Data extracts =>
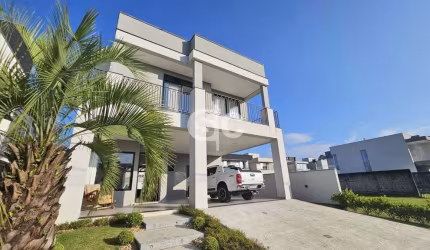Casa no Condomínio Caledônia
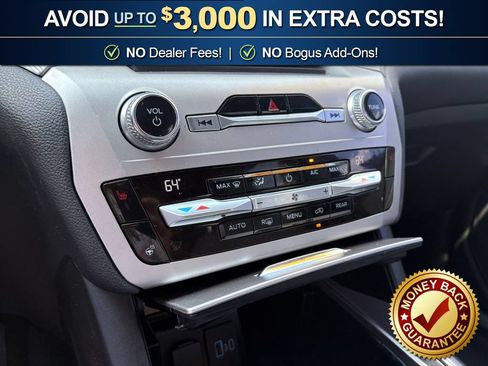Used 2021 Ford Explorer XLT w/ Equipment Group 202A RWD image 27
...
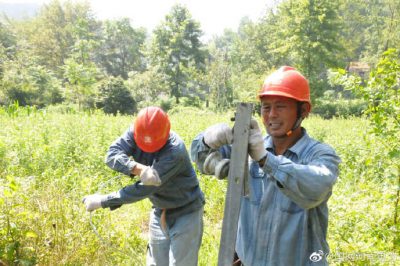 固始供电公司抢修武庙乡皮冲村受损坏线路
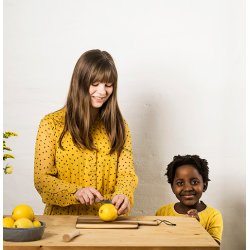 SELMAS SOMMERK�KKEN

Your assignment => In the data above, start at the line holding "Casa no Condomínio Caledônia" and stop after the line holding "Used 2021 Ford"; write out those lines exactly, without pictures.

Solution for this problem =>
Casa no Condomínio Caledônia
Used 2021 Ford Explorer XLT w/ Equipment Group 202A RWD image 27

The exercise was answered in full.